Friday, September 29, 2006

Being a Parole Officer

Yeah, I think I've finally had enough distance to share a few stories from my days in Criminal Justice. This was an interesting period in my life. I was a brand new Baby Social Worker ! The ink was barely dry on my Diploma ! My 2nd ex-husband was working for the Sheriff's Office and this position that would give us some common ground.
I found out later, much later, that the Regional Supv. hired me not only b/c I had a degree in Social Work and the new attitude in Parole was on Rehabilitation, but also b/c I had long, shapely legs. Brains and Beauty, that's me in a nutshell.

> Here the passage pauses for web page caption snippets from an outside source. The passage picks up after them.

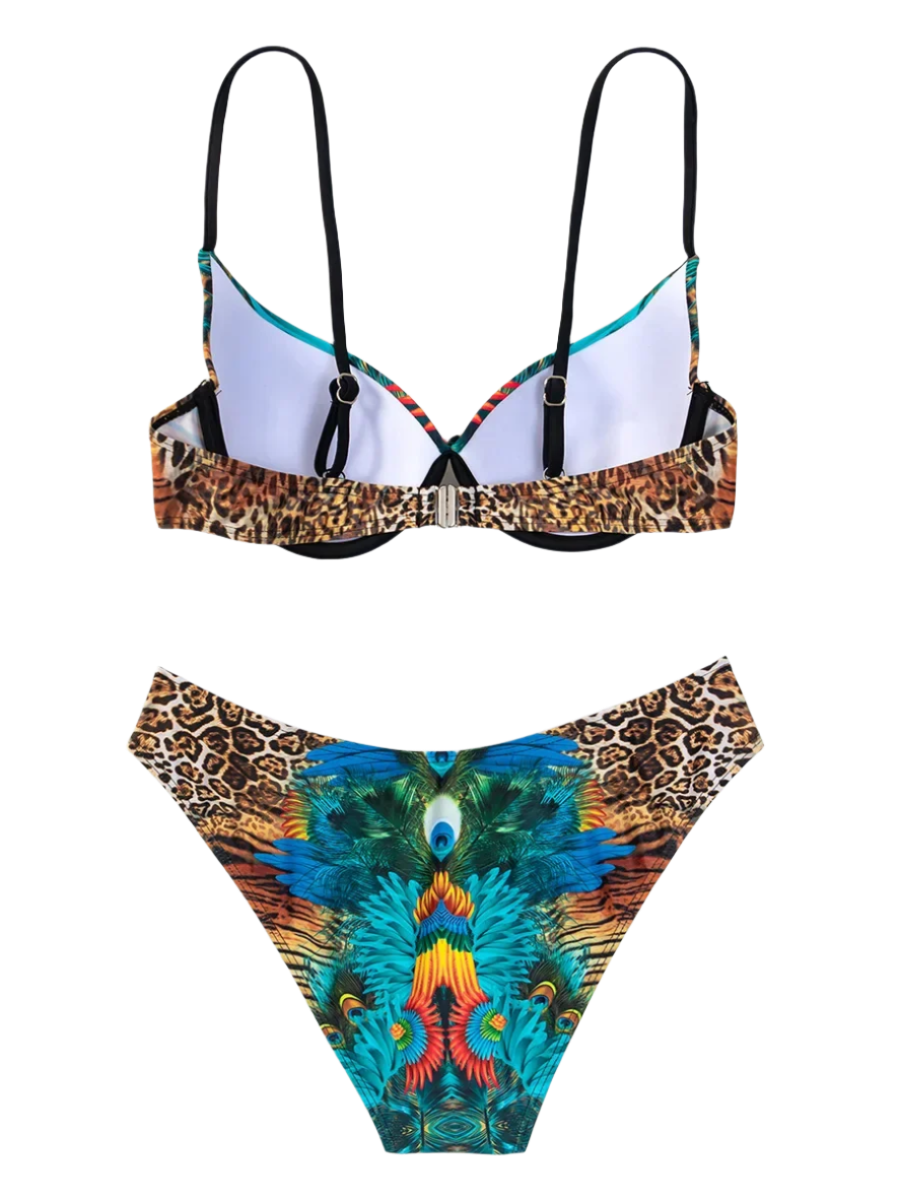 A bikini with a vibrant peacock feather print and jewel embellishments. The design is exotic and eye-catching, perfect for a bold beach look.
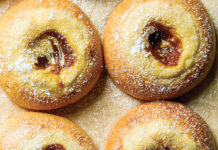 Pumpkin Cheesecake Brioche Buns Six powder-dusted pastries with jam centers arranged on a wooden surface, warm golden-brown and glossy in appearance.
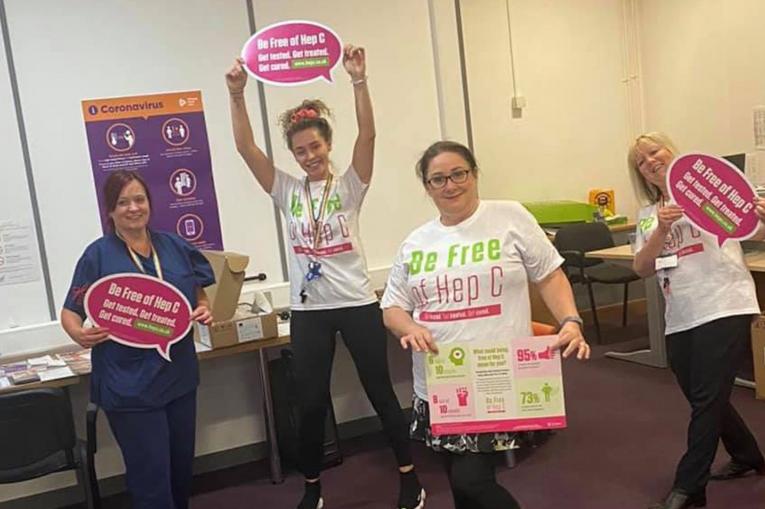 The St Helens Team holding Be Free Of Hep C signs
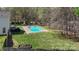 Aerial view of backyard with pool, patio, and fire pit at 3904 Crimson Wing Dr, Indian Trail, NC 28079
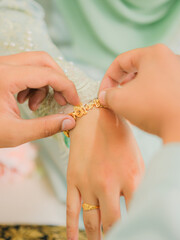 The groom put the wedding bracelet to the bride during solemnization ceremony. Family and happiness concept.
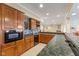 Basement kitchen with wood cabinets, a microwave, and long countertop at 13499 Marjac Way, Fishers, IN 46055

My first day, I got a call at 6:30 am from the District Supv. to report to a different address than where I had interviewed. When I got there I found out that the week before a parolee had broken into the office and set almost all the records on fire and darn near burned the entire office up. He was afraid his Parole Officer, Randa, was going to submit a "Report of Violation" about his recent activities and try to get his Parole revoked.

He was right. She had already sent the Report to the Regional office and the Warrant had already been issued. He got picked up about a month later. Thanks to good work by the Arson investigator, and sloppy work by Mr. Stupid Parolee, his prints were found all over the office, he got new convictions for Arson and tampering with Gov't. records and Burglary of a bldg. Since this was the Parole office he wasn't offered a plea bargain. They did give him concurrent sentences, though. He got out after 10 years.

Since I started in mid January, I worked one day and then got the next day off for MLK day. I thought it was a pretty cool gig.
Working for the State you get most of the National Holidays off, but you also get some cool State holidays, too. Some you get outright, but some are what's known as "Skeleton Crew" holidays. A Skeleton Crew day means that everybody can take off, but whoever is the "Duty" officer and one clerical person. Sometimes, in big offices a Supv. will stay, too. Confederate Heroes Day and LBJ's birthday are good examples of Skeleton crew days.
I found a postcard once that had a skeleton leaning on a timeclock. The caption read, "Skeleton Crew Day". I bought it and put it next to the mailboxes so everyone could enjoy the humor.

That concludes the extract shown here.